Meet the makers: As part of our Digital Dilemma series: ‘How to sell your goods online – the legal way’ we spoke to some Welsh artists and designers about the real-life challenges they’ve faced.
Husband and wife sculptors, Angela Farquharson and Martin Duffy, have been creating custom-made figurative pieces for around 25 years – and have had an online presence for much of that time. They know all-too-well the difficulties of selling this kind of work remotely.
Here’s Angela and Martin’s story.
“I create figurative work, mainly of the female form, using bronze, ceramics, and other materials I sell my work to clients across the UK and as far afield as America.
I graduated in the year 2000, with a first-class honours’ degree from Wolverhampton University and, during my student time, had the opportunity to help at different ceramics fairs and was involved in the exhibition and marketing aspects of selling art and crafts. So, by the time I completed my studies, I was already selling my work at galleries and exhibitions. This continued and gradually led to where I am now.”
We sell our work at galleries and outdoor shows which have included the likes of the Chelsea Flower Show and Hampton Court – but much of that dried up this year. Having an online presence provides us with another vehicle to connect with the customer – not just to sell, but as a useful reference point. People may have seen our work at outdoor sculpture exhibitions, but they might not want to buy a piece straight away. With sculptures and their price points, it’s not usually an instant decision. So, having a site gives somewhere for people to return to you again – and look at your other work.”

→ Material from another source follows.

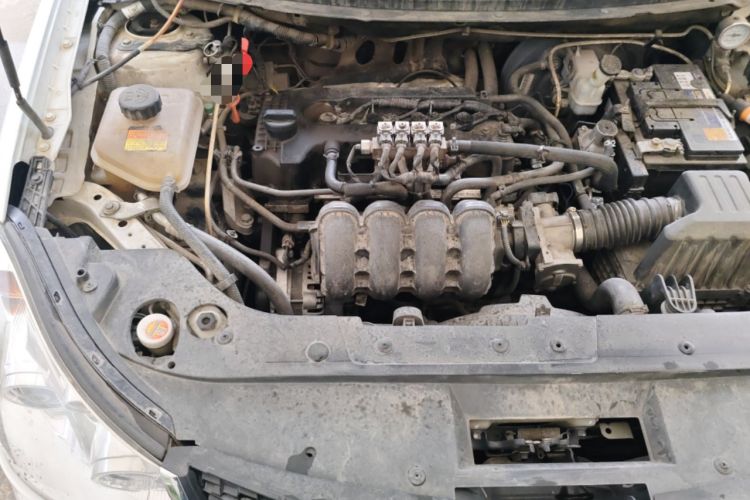 Used Dongfeng Aeolus A60 2014 1.6L Manual Smart-Drive Elite Version Engine Bay Right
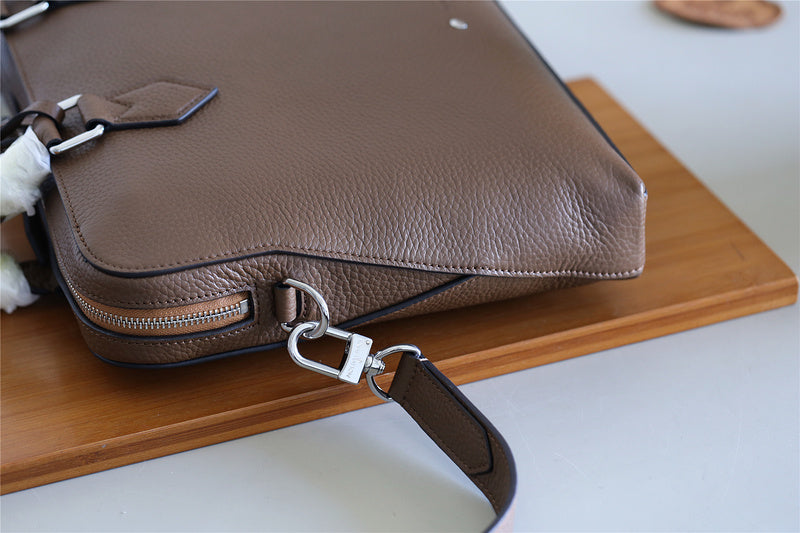 Franco Shops - Louis Vuittons  - 9877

“That’s right. People might see your work at an exhibition, and love your style, but may not be the right piece for them which is on show – which then leads to bespoke commission work.

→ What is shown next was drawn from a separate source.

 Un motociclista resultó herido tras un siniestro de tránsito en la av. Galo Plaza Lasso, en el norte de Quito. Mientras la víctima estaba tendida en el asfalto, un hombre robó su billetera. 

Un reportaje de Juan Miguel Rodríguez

We’ve been properly online since around 2004. It made sense to start a website together because it added more of a story behind our work – as a husband-and-wife team. But managing a website isn’t easy – with technical aspects like SEO optimisation taking a lot of time and money. You really do need expert advice to manage it all. And you find you’re competing against big galleries like the V&A for online space. It’s a bit like David versus Goliath.”

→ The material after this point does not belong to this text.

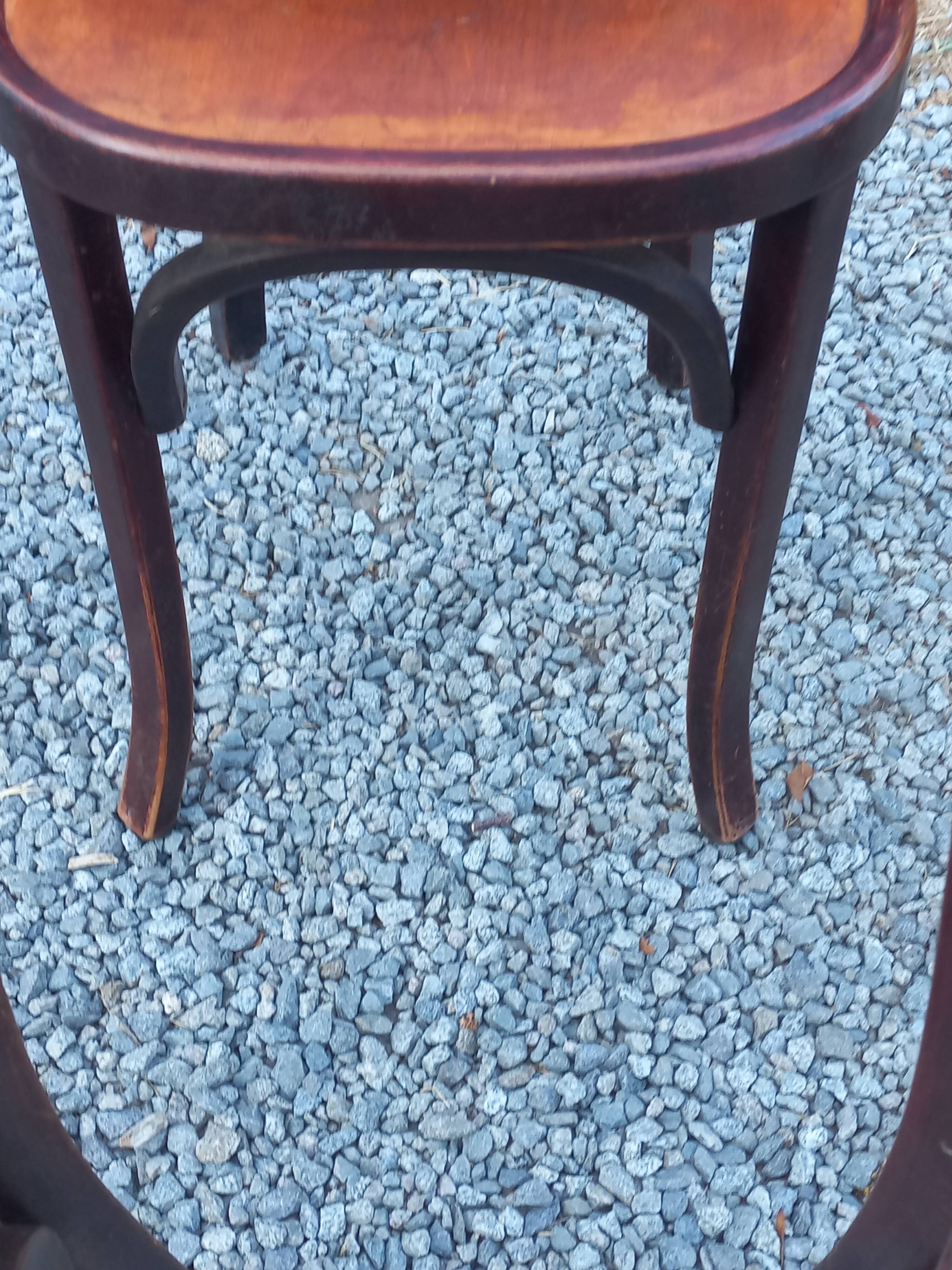 Set de 5 chaises de bistrot anciennes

Distance selling our kind of work is difficult – it’s not like selling a set of taps! We create bespoke pieces, which is not the kind of thing people can easily send back for a refund. Dealing with that aspect of a relationship, between maker and seller, needs careful handling. And setting terms and conditions for this kind of sale isn’t something you can get off-the-shelf.
It’s important that terms are properly articulated in a way that enables the customer, and us as producers, to have a better understanding of the transaction and the production process – but this is technically difficult to word. We need expert input, so we stay on the right side of the law – to protect us and the customer.”